RAZÃO 2: RECONHECIMENTO TARDIO

Muitos dos melhores filmes do novaiorquino alcançaram um reconhecimento tardio perante o público e crítica. “A Época da Inocência” certamente foi um deles igual “Taxi Driver”: se hoje, a vitória de “Rocky” é contestada por ter superado o clássico com o Robert De Niro, na época, o maior rival do Sylvester Stallone foi “Rede de Intrigas” e “Todos os Homens do Presidente”. 

Sob o olhar de hoje em dia, “Cassino” ter apenas uma indicação é quase um pecado, mas, no lançamento, questionava-se o excesso de violência e de filmes sobre máfia do Scorsese. Com a explosão do Quentin Tarantino com “Pulp Fiction”, a sensação era ainda maior, algo que o tempo teve a sabedoria de corrigir. 

RAZÃO 3: PERFIL DOS FILMES

Acima de tudo, porém, vejo a maior objeção da Academia no perfil do cinema feito pelo Scorsese. 

É indiscutível que a indústria reconhece a qualidade e a força do diretor – não à toa, ele já soma 10 indicações a Melhor Direção e teve tantos projetos em Melhor Filme.
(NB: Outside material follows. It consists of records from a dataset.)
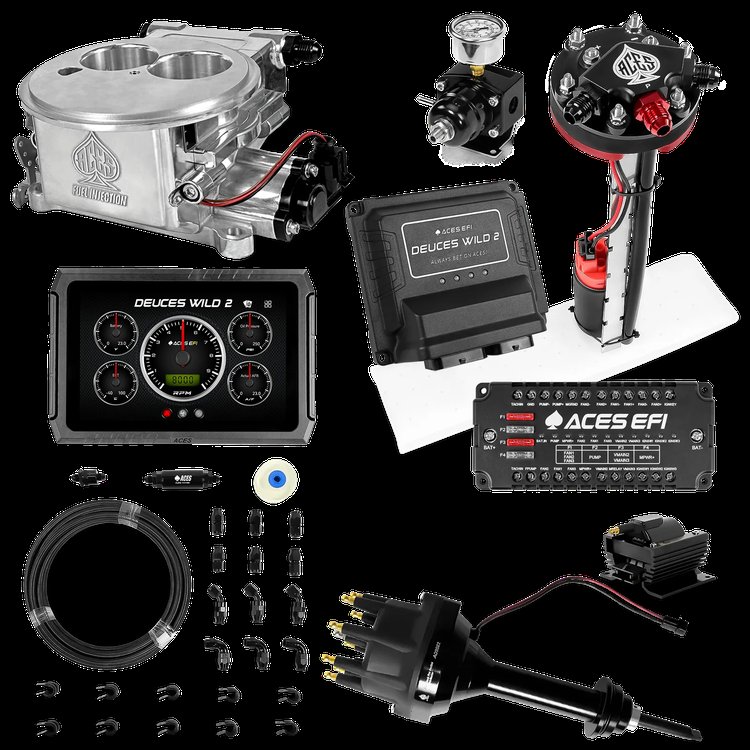 Complete Deuces Wild 2 EFI Conversion Kit for 2300-Flange Intake Manifolds [Polished]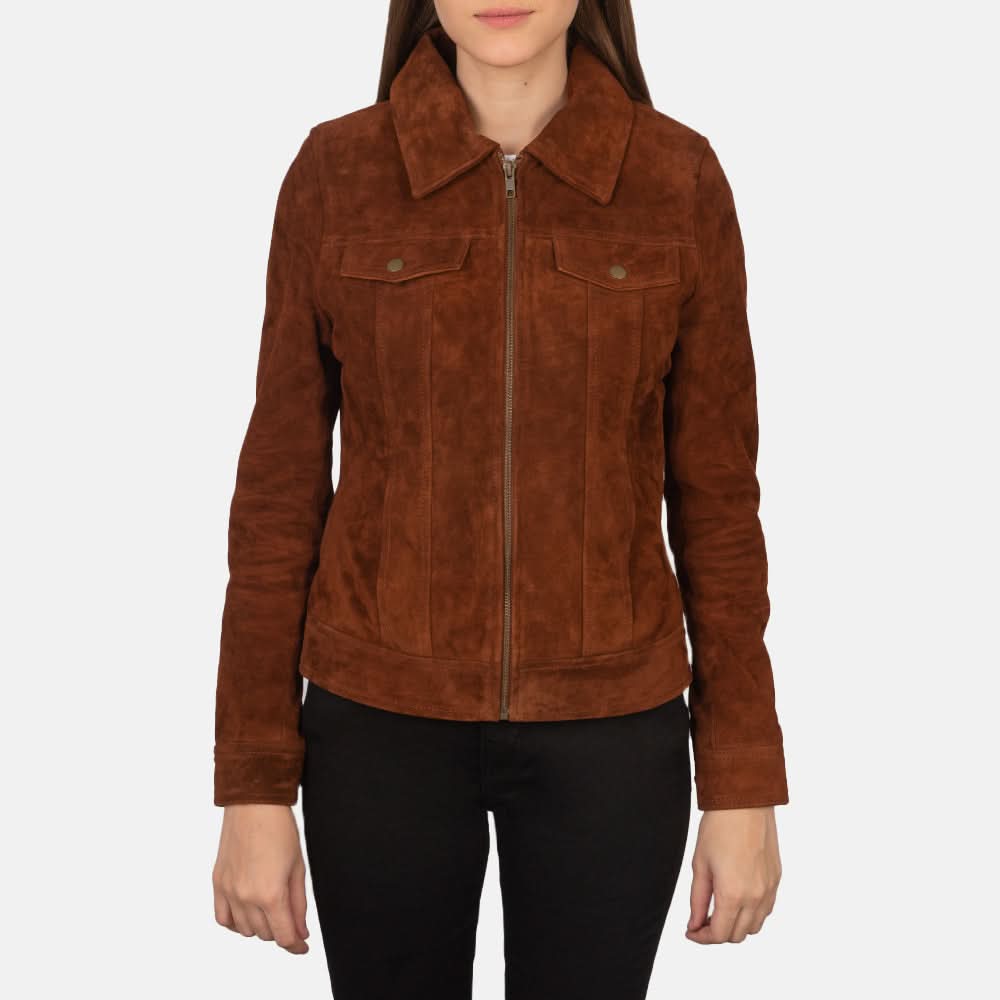 Suzy Brown Suede Trucker Jacket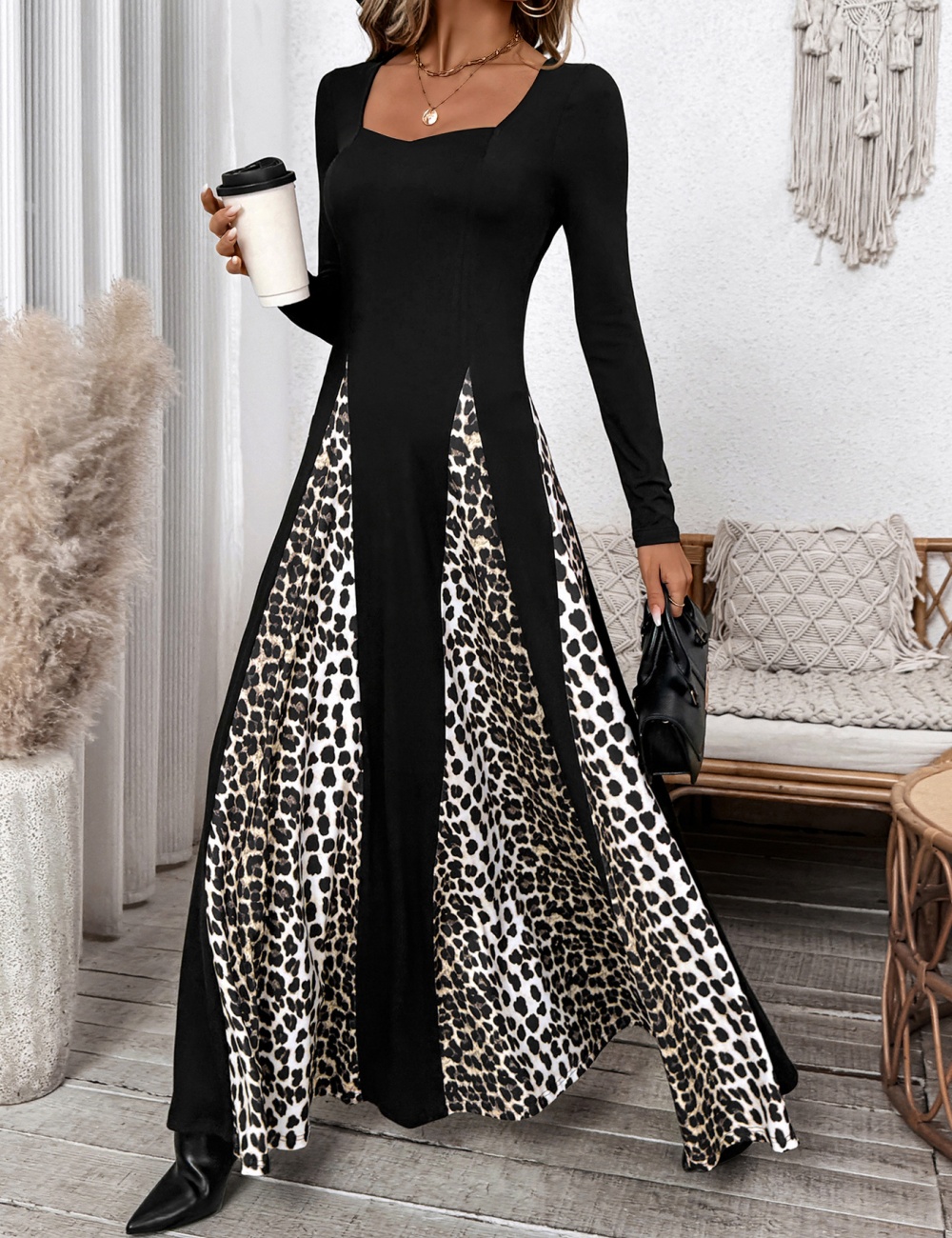 Leopard long sleeve elegant dress splice retro long dress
Por outro lado, há um olhar pessimista e bastante incisivo sobre mazelas duras dos EUA que Scorsese toca e não consegue obter o consenso. 

“Taxi Driver”, por exemplo, foi a primeira produção indicada a Melhor Filme a falar das consequências terríveis da Guerra do Vietnã naqueles que retornavam do conflito. Somente três anos depois que a Academia veio a premiar “O Franco-Atirador” e consagrar a dupla de “Amargo Regresso”, Jane Fonda e Jon Voight. “Touro Indomável” é uma cinebiografia trágica de uma lenda do boxe que levou a fúria dos ringues para a vida fora dela. 

Crítica: O Lobo de Wall Street

O crime como algo divertido e legal sem olhar moralizante está no centro de “Os Bons Companheiros” e “O Lobo de Wall Street”. “Gangues de Nova York” mostra o lado violento de como a maior cidade dos EUA foi erguida – não à toa, a Academia preferiu o divertido “Chicago” para se recuperar os baques dos atentados de 11 de setembro.  

Já em “O Irlandês” e “Assassinos da Lua das Flores”, Scorsese colocou como protagonistas figuras abjetas, responsáveis por atos de extrema crueldade a partir de mando seus de superiores. Isso sempre revelando faces norte-americanas ligadas a ganância e cobiça desmedidas. 

Scorsese coloca o público em uma situação de constante desconforto e o convida a um olhar para dentro de si ao trazer aquelas histórias que são formadoras de um país e sociedade. Este bem-vindo incômodo, entretanto, nem sempre agrada a todos, o que se amplifica em uma votação de sistema preferencial, onde buscam-se consensos. 

E a vitória de “Os Infiltrados” confirma a tese, afinal, dentro da carreira de Scorsese, seja justamente o menos provocador e o mais convencional filme dele.